→ **GIVEN DATA**:

[Start of Attachment]

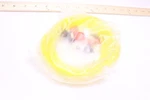 Partszen Fuel Line Primer Bulb Kit For Zama Ryobi Homelite Husqvarna Poulan. Fixed Price $19.17.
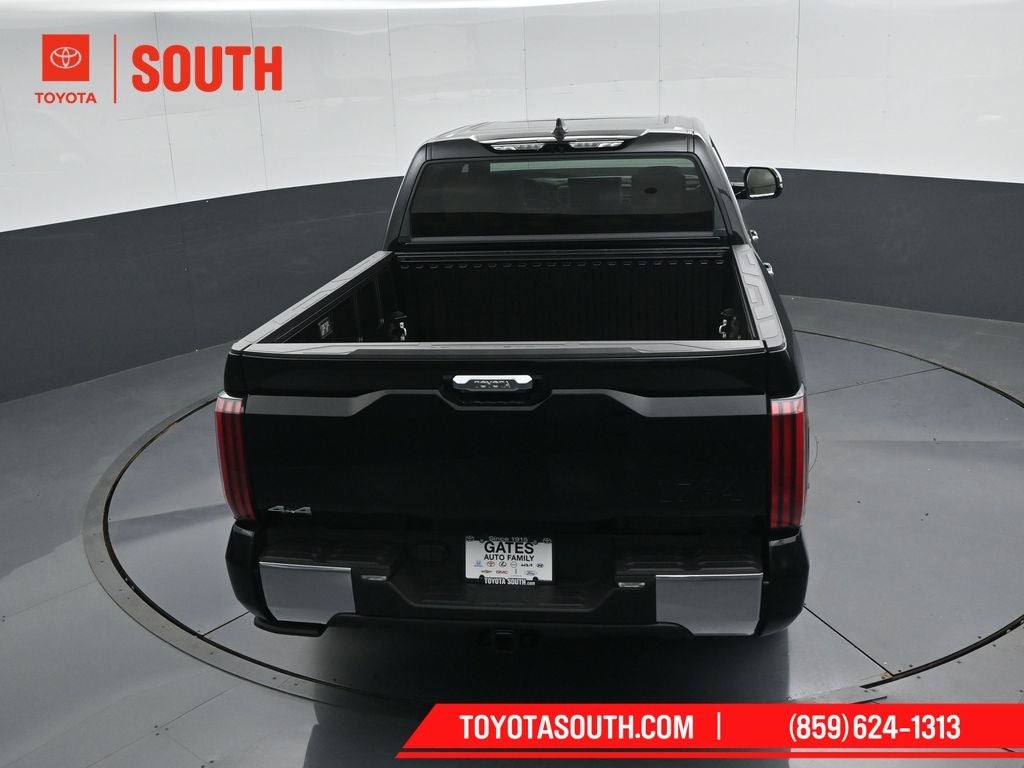 2026 Toyota Tundra 1794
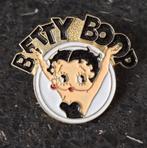 Pin stripfiguur Betty Boop, Verzamelen, Ophalen of Verzenden, Zo goed als nieuw, Figuurtje, Speldje of Pin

[End of Attachment]

→ **WORK TO BE COMPLETED**: When you write out the material again, keep every word exact and omit the pictures.

→ **TASK SOLUTION**:
 Partszen Fuel Line Primer Bulb Kit For Zama Ryobi Homelite Husqvarna Poulan. Fixed Price $19.17.
 2026 Toyota Tundra 1794
 Pin stripfiguur Betty Boop, Verzamelen, Ophalen of Verzenden, Zo goed als nieuw, Figuurtje, Speldje of Pin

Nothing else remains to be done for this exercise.